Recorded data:
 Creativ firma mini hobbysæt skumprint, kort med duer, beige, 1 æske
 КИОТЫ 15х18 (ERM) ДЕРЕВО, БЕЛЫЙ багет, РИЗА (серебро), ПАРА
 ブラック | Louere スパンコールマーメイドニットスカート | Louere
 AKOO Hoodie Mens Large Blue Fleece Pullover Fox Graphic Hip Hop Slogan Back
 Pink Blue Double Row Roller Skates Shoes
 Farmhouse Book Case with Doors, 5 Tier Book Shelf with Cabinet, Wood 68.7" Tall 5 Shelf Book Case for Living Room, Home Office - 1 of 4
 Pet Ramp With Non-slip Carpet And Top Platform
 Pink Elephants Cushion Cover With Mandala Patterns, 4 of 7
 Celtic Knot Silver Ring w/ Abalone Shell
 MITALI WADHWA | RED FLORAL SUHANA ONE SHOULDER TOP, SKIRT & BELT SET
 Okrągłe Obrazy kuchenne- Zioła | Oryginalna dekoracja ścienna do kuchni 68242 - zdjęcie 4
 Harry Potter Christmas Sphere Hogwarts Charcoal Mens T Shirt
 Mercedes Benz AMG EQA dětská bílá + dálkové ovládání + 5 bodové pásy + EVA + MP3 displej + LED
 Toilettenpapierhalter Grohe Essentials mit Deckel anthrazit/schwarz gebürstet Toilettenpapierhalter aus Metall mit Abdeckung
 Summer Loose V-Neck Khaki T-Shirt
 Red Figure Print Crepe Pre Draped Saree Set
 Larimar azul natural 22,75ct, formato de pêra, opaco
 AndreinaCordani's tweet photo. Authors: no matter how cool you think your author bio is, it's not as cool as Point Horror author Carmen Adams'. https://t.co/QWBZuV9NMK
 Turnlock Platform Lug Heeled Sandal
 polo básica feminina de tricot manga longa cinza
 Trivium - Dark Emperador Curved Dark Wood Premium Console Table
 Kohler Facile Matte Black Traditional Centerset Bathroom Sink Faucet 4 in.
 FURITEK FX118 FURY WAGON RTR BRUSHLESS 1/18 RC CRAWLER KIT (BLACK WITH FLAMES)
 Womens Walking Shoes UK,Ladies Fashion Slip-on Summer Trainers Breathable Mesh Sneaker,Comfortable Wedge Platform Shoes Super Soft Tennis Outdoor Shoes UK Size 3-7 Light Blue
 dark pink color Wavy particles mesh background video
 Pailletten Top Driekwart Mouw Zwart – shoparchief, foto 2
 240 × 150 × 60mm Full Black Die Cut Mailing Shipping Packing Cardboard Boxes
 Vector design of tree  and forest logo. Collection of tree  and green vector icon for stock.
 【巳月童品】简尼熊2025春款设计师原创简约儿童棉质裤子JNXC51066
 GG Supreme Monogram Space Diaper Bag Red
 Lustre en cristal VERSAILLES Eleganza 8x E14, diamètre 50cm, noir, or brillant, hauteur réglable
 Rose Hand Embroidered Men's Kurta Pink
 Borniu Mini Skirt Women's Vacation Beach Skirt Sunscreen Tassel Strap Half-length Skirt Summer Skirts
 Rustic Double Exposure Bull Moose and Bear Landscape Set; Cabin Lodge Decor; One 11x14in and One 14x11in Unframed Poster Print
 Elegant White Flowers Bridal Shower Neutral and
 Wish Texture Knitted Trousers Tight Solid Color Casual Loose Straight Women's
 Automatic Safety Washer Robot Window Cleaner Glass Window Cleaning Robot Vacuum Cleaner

▸ Exercise: Set down exactly the lines beginning at the one that holds "Okrągłe Obrazy kuchenne- Zioła" and ending with the last line of the data.

▸ Response area:
 Okrągłe Obrazy kuchenne- Zioła | Oryginalna dekoracja ścienna do kuchni 68242 - zdjęcie 4
 Harry Potter Christmas Sphere Hogwarts Charcoal Mens T Shirt
 Mercedes Benz AMG EQA dětská bílá + dálkové ovládání + 5 bodové pásy + EVA + MP3 displej + LED
 Toilettenpapierhalter Grohe Essentials mit Deckel anthrazit/schwarz gebürstet Toilettenpapierhalter aus Metall mit Abdeckung
 Summer Loose V-Neck Khaki T-Shirt
 Red Figure Print Crepe Pre Draped Saree Set
 Larimar azul natural 22,75ct, formato de pêra, opaco
 AndreinaCordani's tweet photo. Authors: no matter how cool you think your author bio is, it's not as cool as Point Horror author Carmen Adams'. https://t.co/QWBZuV9NMK
 Turnlock Platform Lug Heeled Sandal
 polo básica feminina de tricot manga longa cinza
 Trivium - Dark Emperador Curved Dark Wood Premium Console Table
 Kohler Facile Matte Black Traditional Centerset Bathroom Sink Faucet 4 in.
 FURITEK FX118 FURY WAGON RTR BRUSHLESS 1/18 RC CRAWLER KIT (BLACK WITH FLAMES)
 Womens Walking Shoes UK,Ladies Fashion Slip-on Summer Trainers Breathable Mesh Sneaker,Comfortable Wedge Platform Shoes Super Soft Tennis Outdoor Shoes UK Size 3-7 Light Blue
 dark pink color Wavy particles mesh background video
 Pailletten Top Driekwart Mouw Zwart – shoparchief, foto 2
 240 × 150 × 60mm Full Black Die Cut Mailing Shipping Packing Cardboard Boxes
 Vector design of tree  and forest logo. Collection of tree  and green vector icon for stock.
 【巳月童品】简尼熊2025春款设计师原创简约儿童棉质裤子JNXC51066
 GG Supreme Monogram Space Diaper Bag Red
 Lustre en cristal VERSAILLES Eleganza 8x E14, diamètre 50cm, noir, or brillant, hauteur réglable
 Rose Hand Embroidered Men's Kurta Pink
 Borniu Mini Skirt Women's Vacation Beach Skirt Sunscreen Tassel Strap Half-length Skirt Summer Skirts
 Rustic Double Exposure Bull Moose and Bear Landscape Set; Cabin Lodge Decor; One 11x14in and One 14x11in Unframed Poster Print
 Elegant White Flowers Bridal Shower Neutral and
 Wish Texture Knitted Trousers Tight Solid Color Casual Loose Straight Women's
 Automatic Safety Washer Robot Window Cleaner Glass Window Cleaning Robot Vacuum Cleaner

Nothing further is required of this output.